--- START ---

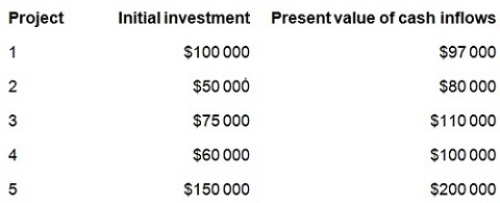 Wakefield Company management evaluates future projects based on their profitability index. The company is currently reviewing five similar projects and must choose one project. Pertinent information regarding the projects is as follows.   Which project should Wakefield Company select if the decision is based entirely on profitability index? A)  Project 1 B)  Project 2 C)  Project 3 D)  Project 4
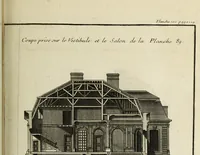 Picture 152 of 215 from L'art de bâtir des maisons de campagne : où l'on traite de leur distribution, de leur construction, & de leur decoration ... : avec l'explication de ses projets, et des desseins de menuiserie, de serrurerie, de parterres, & d'autres ornemens propres à la decoration intérieure & extérieure ... (1743), leaf 436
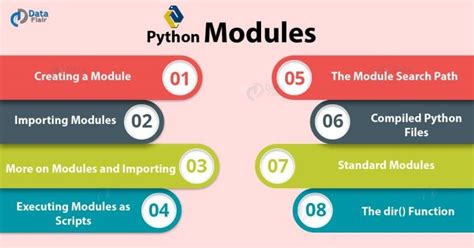 What Are Python Modules 的图像结果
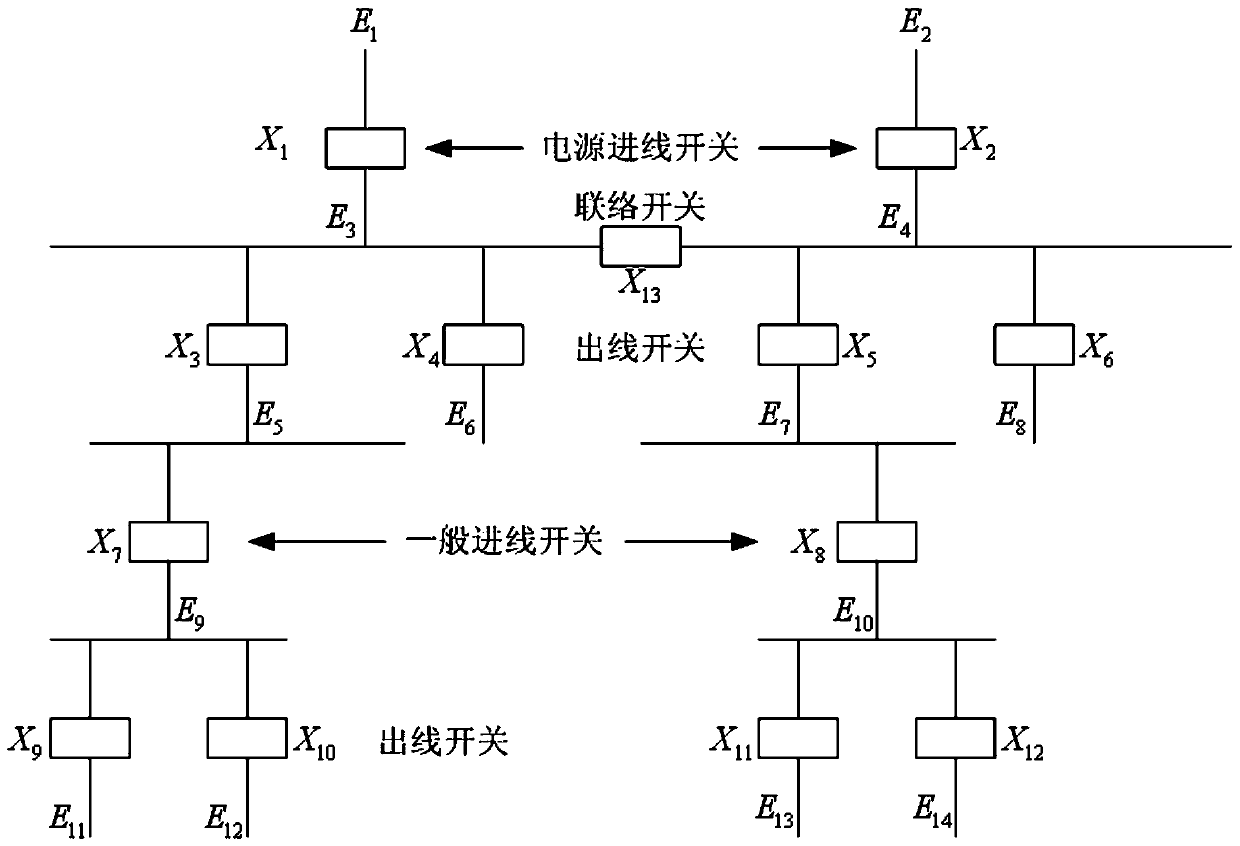 Calculation method of mine high voltage power grid leakage protection setting based on petri net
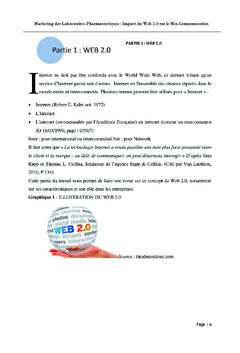 Marketing des laboratoires pharmaceutiques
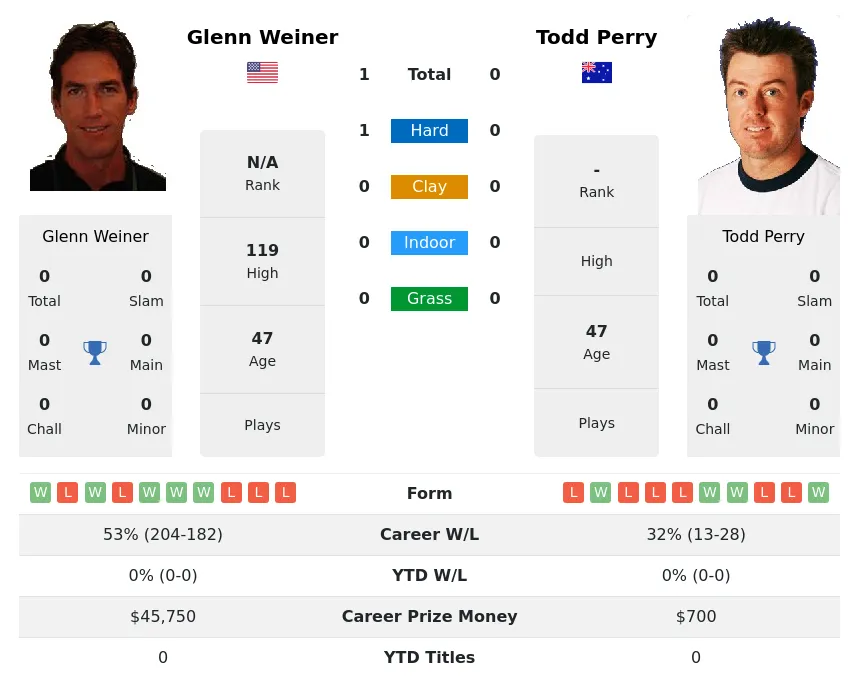 Weiner Perry H2h Summary Stats 1st July 2024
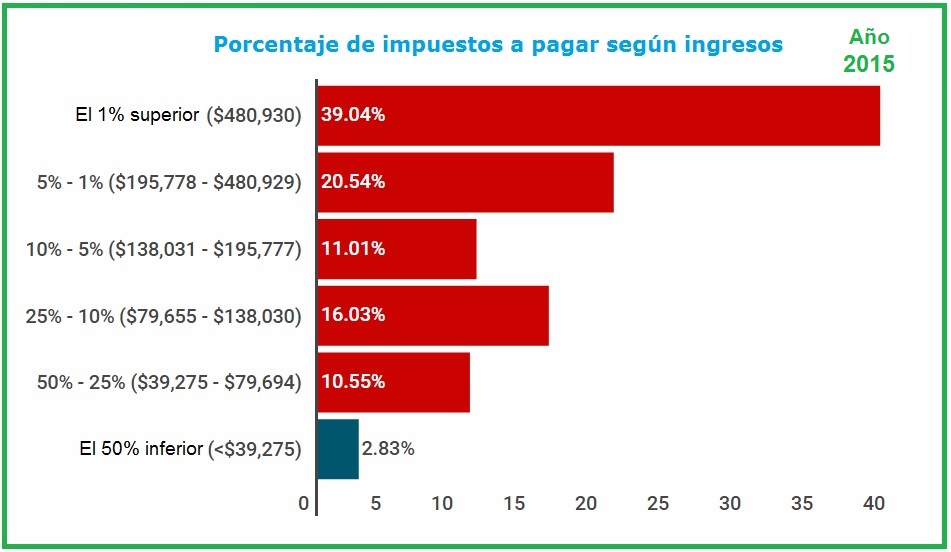 Cuanto paga  por pais ? 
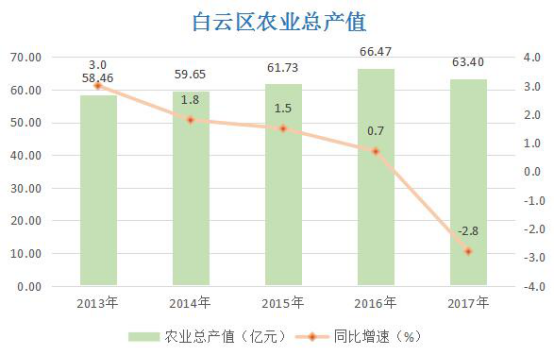 2017白云区经济总量_广州白云区图片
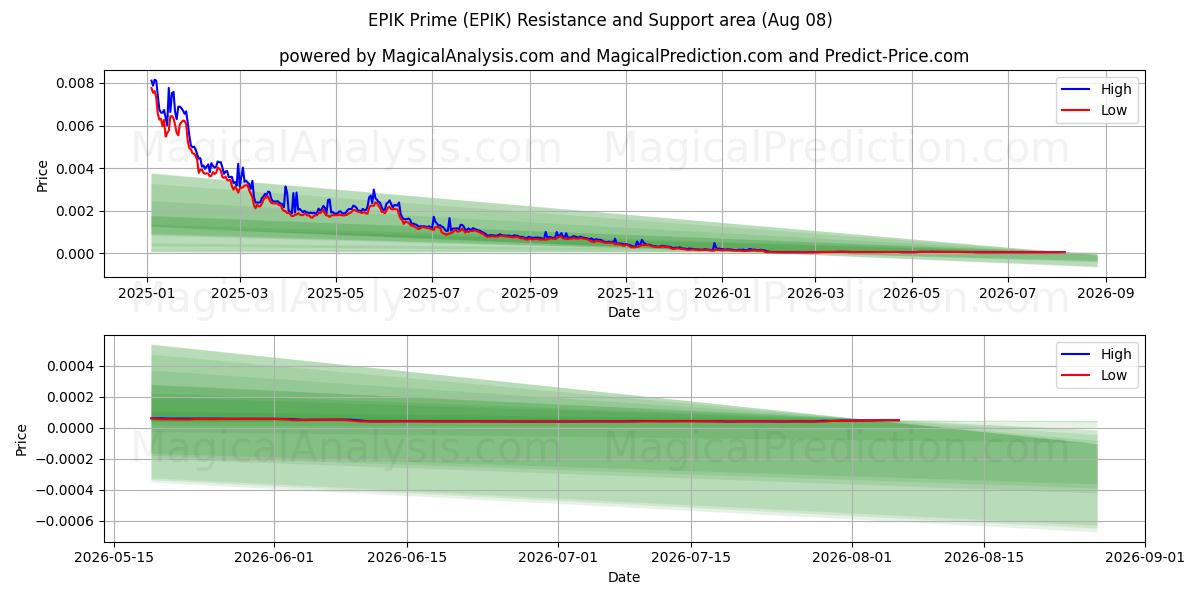  EPIK Başbakan (EPIK) Support and Resistance area (07 Aug) 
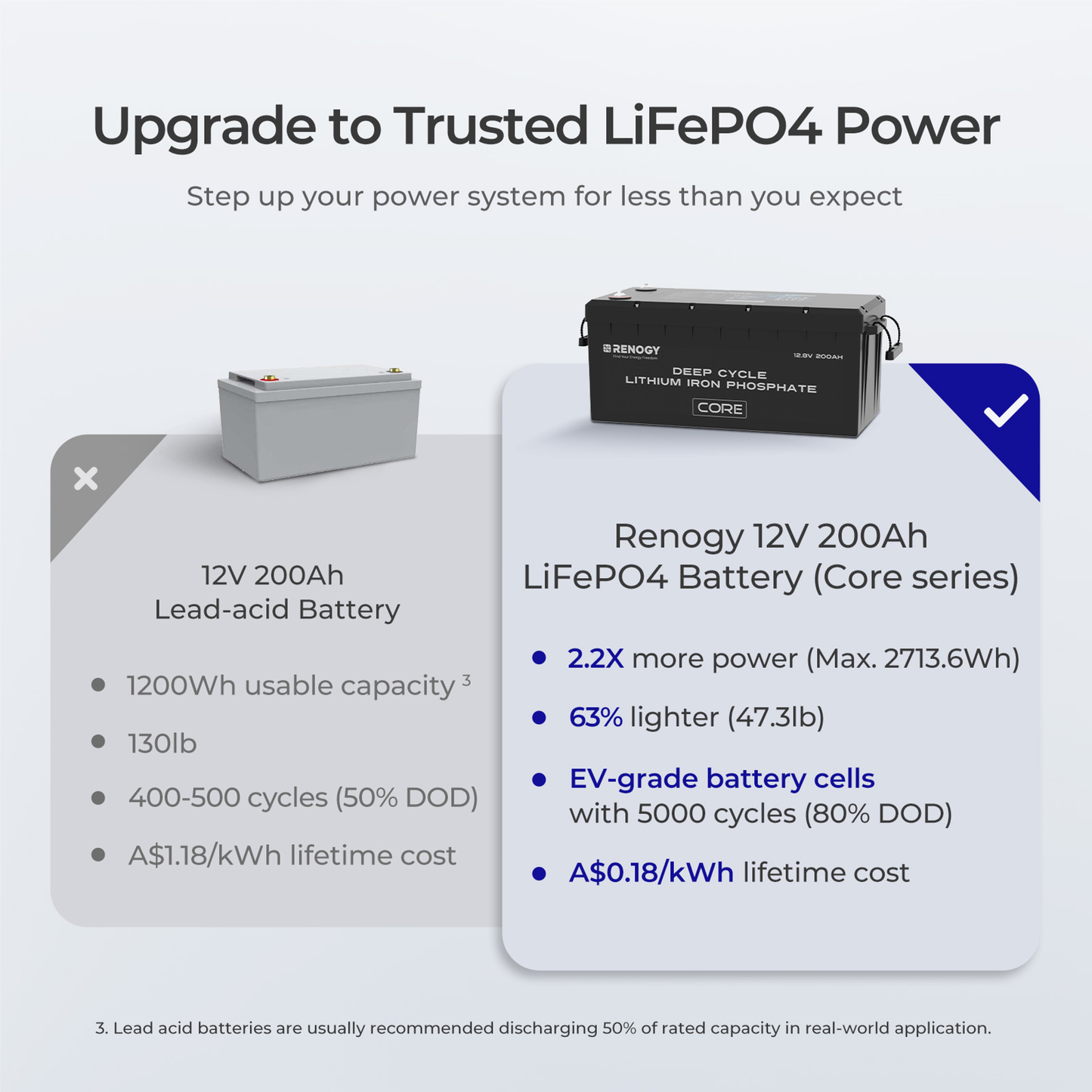 RENOGY CORE 12V 200A Lithium Iron Phosphate Battery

--- END ---

Excluding the images, return each record above precisely as written.

◆ Answer section
 Wakefield Company management evaluates future projects based on their profitability index. The company is currently reviewing five similar projects and must choose one project. Pertinent information regarding the projects is as follows.   Which project should Wakefield Company select if the decision is based entirely on profitability index? A)  Project 1 B)  Project 2 C)  Project 3 D)  Project 4
 Picture 152 of 215 from L'art de bâtir des maisons de campagne : où l'on traite de leur distribution, de leur construction, & de leur decoration ... : avec l'explication de ses projets, et des desseins de menuiserie, de serrurerie, de parterres, & d'autres ornemens propres à la decoration intérieure & extérieure ... (1743), leaf 436
 What Are Python Modules 的图像结果
 Calculation method of mine high voltage power grid leakage protection setting based on petri net
 Marketing des laboratoires pharmaceutiques
 Weiner Perry H2h Summary Stats 1st July 2024
 Cuanto paga  por pais ? 
 2017白云区经济总量_广州白云区图片
  EPIK Başbakan (EPIK) Support and Resistance area (07 Aug) 
 RENOGY CORE 12V 200A Lithium Iron Phosphate Battery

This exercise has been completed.